Autre particularité à noter, les scènes qui se déroulent dans des pays étrangers ont été réellement tournées dans ces pays. Le tournage a eu lieu dans 9 villes de 8 pays différents. C’est d’ailleurs la raison pour laquelle la série a pris fin coûtant trop chère à réaliser.
Sense8 est une ode à l’amour, la tolérance et la fraternité. Elle est une série qui fait profondément du bien. Mêlant rire et pleurs, nous avons le sentiment d’être connecté avec ses personnages et de ressentir chacune de leurs émotions. Si la série est parfois dans l’excès, elle nous aura touché par son message bienveillant et optimiste.
Est il besoin de définir ce qu’est une drag queen au temps de Rupaul’s et du succès de sa Drag Race ? Un peu oui ! Il existe encore tant de clichés et d’incompréhension autour de ces queens.
Une queen donc est un homme ou une femme (même si homme plus médiatisé) qui crée une identité féminine basée sur des archétypes féminins extravagants à la manière d’un jeu de rôle. Il convient toutefois de les différencier du français “transformiste” (en: female impersonator) qui va le plus souvent parodier des célébrités. La drag queen, au contraire, va créer toute une identité spécifique à son personnage le plus souvent à but de divertissement comique.

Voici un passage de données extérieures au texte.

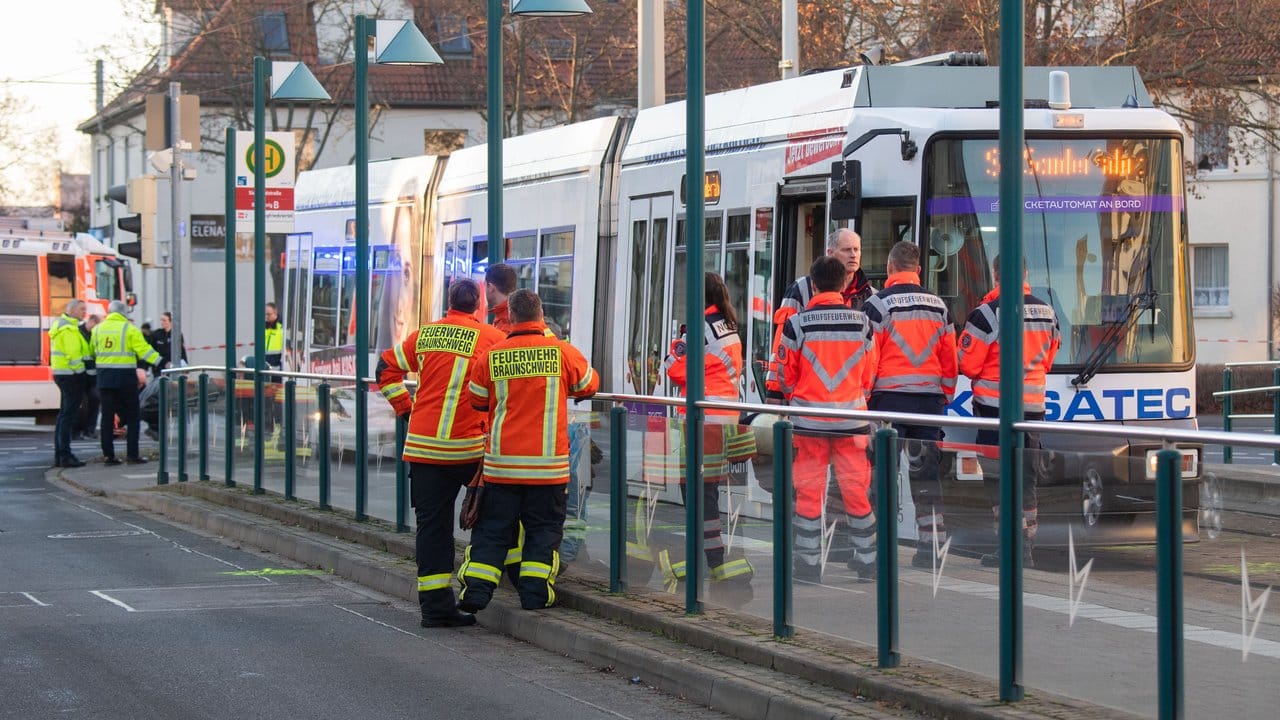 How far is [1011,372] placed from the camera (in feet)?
22.1

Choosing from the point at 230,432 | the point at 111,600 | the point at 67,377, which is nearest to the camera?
the point at 111,600

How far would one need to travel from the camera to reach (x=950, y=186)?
12250 millimetres

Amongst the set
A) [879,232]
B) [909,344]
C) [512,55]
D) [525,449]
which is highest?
[512,55]

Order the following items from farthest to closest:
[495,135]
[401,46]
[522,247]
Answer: [522,247] → [401,46] → [495,135]

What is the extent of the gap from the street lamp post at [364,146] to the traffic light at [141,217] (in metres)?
8.41

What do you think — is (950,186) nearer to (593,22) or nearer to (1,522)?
(1,522)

Make up, couture, danse et lip sync sont les bases de la discipline. Le plus important, toutefois, est l’attitude et la personnalité ! La drag queen est là avant tout pour le show.
L’un de ses représentants les plus célèbre est l’américain Rupaul. Icône aux USA, il chante, il fait le show et surtout il professe la liberté d’expression et le self love. L’interprète de Cover Girl use ainsi de sa voix et de son influence depuis 2009 avec la fameuse émission Rupaul’s drag race (disponible sur Netflix) qui met en compétition des queens de tous horizons. Le programme a d’ailleurs remporté 3 Emmys (2017, 2018 et 2019) dans la catégorie “Meilleure émission de compétition/ télé réalité”.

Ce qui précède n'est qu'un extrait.